Human color vision evolved independently from that of insects, birds, reptiles, and fish. We share our trichromatic vision with the apes and with Old World monkeys, but not with other mammals, and this implies that our color vision goes back about thirty to forty million years. Most mammals have dichromatic vision: they have only two types of cones, one with peak sensitivity in the blue-violet area and one with peak sensitivity in green (the middle-wave cone). It is thought that the primate trichromatic vision emerged from a dichromatic stage through a mutation that replicated a gene and split the original middle-wave (green) receptor into two adjacent ones, the new one being a little farther toward yellow. The position of the two new receptors was optimal for detecting yellowish fruit against a background of green foliage. Man’s color vision seems to have been a coevolution with the development of bright fruits. As one scientist put it, “with only a little exaggeration, one could say that our trichromatic color vision is a device invented by certain fruiting trees in order to propagate themselves.” In particular, it seems that our trichromatic color vision evolved together with a certain class of tropical trees that bear fruit too large to be taken by birds and that are yellow or orange when ripe. The tree offers a color signal that is visible to the monkey against the masking foliage of the forest, and in return the monkey either spits out the undamaged seed at a distance or defecates it together with fertilizer. In short, monkeys are to colored fruit what bees are to flowers.

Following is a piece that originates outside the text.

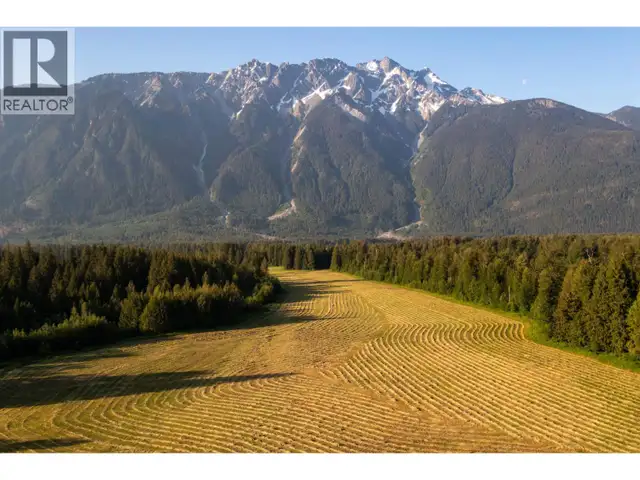 7634 SEVEN O'CLOCK DRIVE Pemberton, British Columbia in Land for Sale in Whistler - Image 18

It is not clear to what extent the passage from dichromacy to trichromacy was gradual or abrupt, mainly because it is not clear whether, once the third type of cone emerged, any additional neural apparatus was needed to take advantage of the signals coming from it. However, it is clear that the sensitivity to color could not have evolved continuously along the spectrum from red toward the violet end, as Hugo Magnus argued it did. In fact, if viewed over a time span of hundreds of millions of years, the development went exactly the opposite way. The most ancient type of cone, which goes back to the premammalian period, is the one with peak sensitivity in the blue-violet end of the spectrum and with no sensitivity at all to yellow and red light. The second type of cone to emerge was the one with peak sensitivity in green, thus extending the eye’s sensitivity much farther toward the red end of the spectrum. And the youngest type of cone, from some thirty to forty million years ago, had peak sensitivity slightly farther toward the red end, in yellow-green, and so increased the eye’s sensitivity to the long- wave end of the spectrum even further.
All the facts mentioned so far about the cones in the retina are correct to the best of my knowledge. But if you are under the impression that they actually explain our sensation of color, then you have been coned! In fact, the cones are only the very first level in a highly complex and still largely unknown process of normalization, compensation, and stabilization-the brain’s equivalent of the “instant fix” function of picture-editing programs.